It’s not recommended to add the user flow UI or annotations within a normal page. It’s going to be hard to continue designing or to make edits on those artboards. User flow elements may end up in the artboards as well, which will make exporting those screens a nightmare. All in all, it’s more trouble than it’s worth.
There are alternatives.
Option 1: Export screens as images
First, export your artboard screens as images and import them back into a Sketch file (new or existing one). This is fine if you’re in a hurry, but it’s not ideal long term as artboards get updated and changed. It’s going to be challenging to keep track of changes, especially small ones.
Option 2: Turn screens into symbols
This may be a bit much if you’re working on a larger project. But, on a smaller project, it might be manageable. This method allows you to edit screens as needed and with updates always updating within your user flow.
Option 3: Create a new page for user flows
You can create one more page within your Sketch file. There you can copy and paste artboards manually each time you update them, or as needed. It might get a bit tedious, but at the very least, there are no weird dependencies, and everything is in one file.
Step 3: Start making connections
In most user flow kits, different flow elements will come as symbols. Once you have your images ready, place the symbols accordingly to start creating the flow such as in the image below.
Now, hook up all of the screens like below.
Although adding arrows isn’t too hard, it does take effort to annotate and document the whole user flow well. Arrows alone allow anyone taking a look to understand the general flow of things. However, by adding annotations, descriptions, and the like, you’re going to provide a lot more insight into possible dependencies or alternatives. In turn, you’ll make your user flow a lot more comprehensive.

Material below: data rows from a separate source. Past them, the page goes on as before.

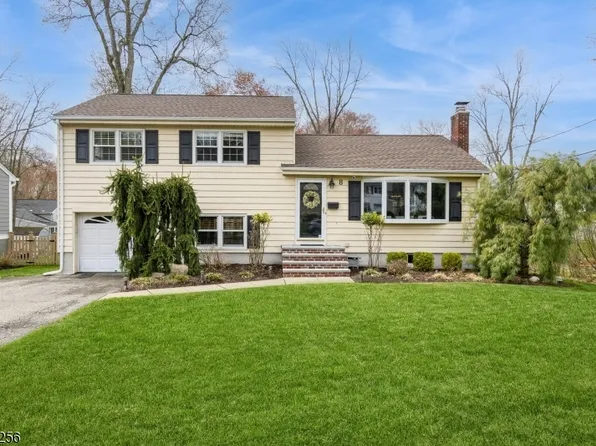 8 Hampton Ter, Livingston Twp., NJ 07039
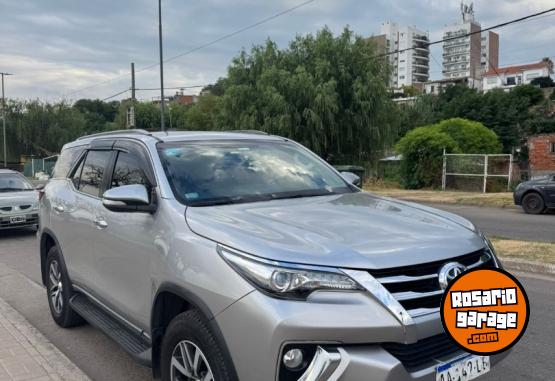 Camionetas - Toyota Sw4 srx 2016 Diesel 140000Km - En Venta
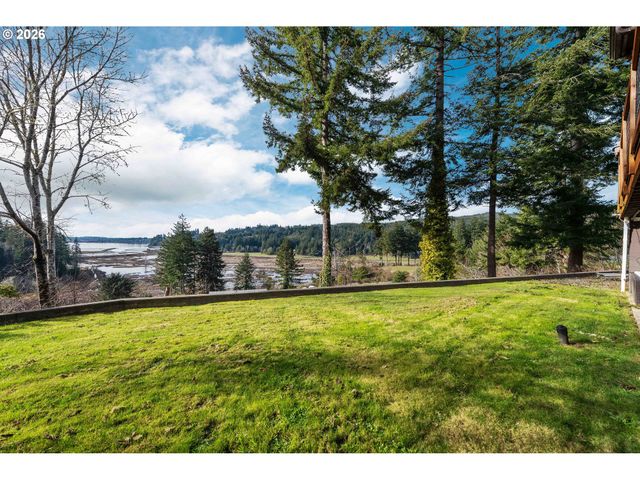 94532 GOLF COURSE Ln, North Bend, OR 97459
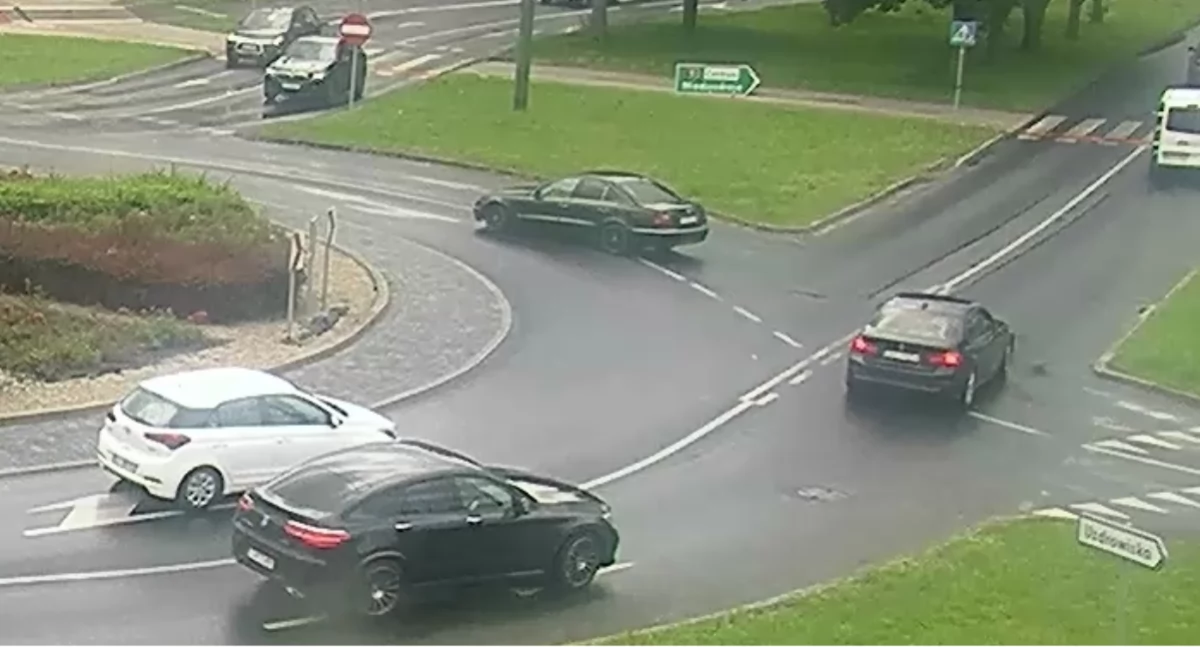 Pokaz brawury na rondzie w Kołobrzegu. Nie wiedział, że patrzy na niego policja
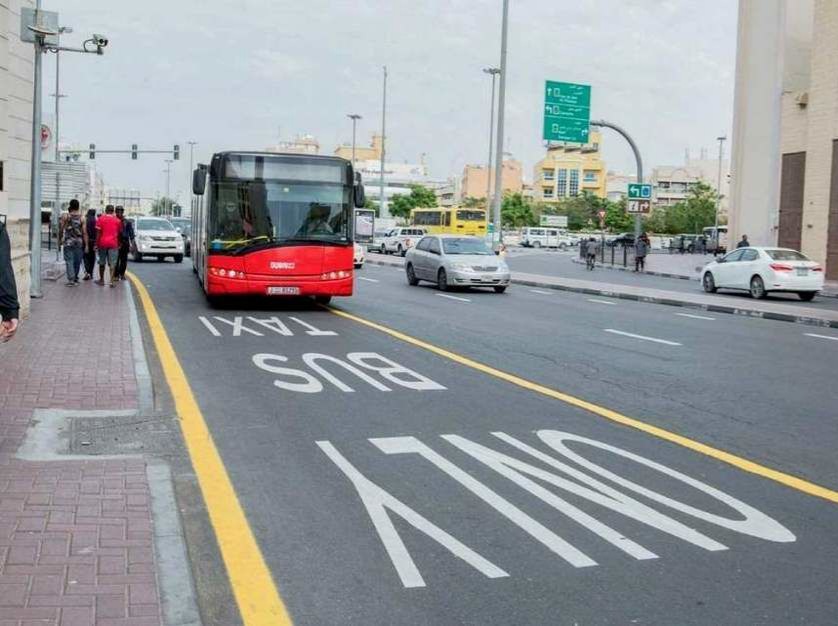 Podgorica uskoro dobija 29 novih autobusa i posebnu saobraćajnu traku za javni i auto-taksi prevoz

Adding annotations, descriptions, and the like
What kind of annotations should you be adding? Great question! You can add:
- Success/failure indicators
- External links
- Indicate missing screens
- Additional states
- Functionality explanations
I can go on, but I think you get the idea. The information will depend on what you want to communicate. Of course, the more information, the better. Take a look below at the example user flow with added annotation.
All that’s left is to save, share, and iterate.
User flows are another tool for UX designers to create better experiences. They help designers and their teammates, such as a project manager, to get a visual representation of a specific experience or flow. They are a valuable tool that provides insights that can help design teams further improve the user experience as it’s being designed.
And, as you just saw, it doesn’t take much to create them either! There are so many different options available for you – many of which are free. However, if you prefer to keep things all in one place, such as Sketch, now you know exactly how to do so with your user flows.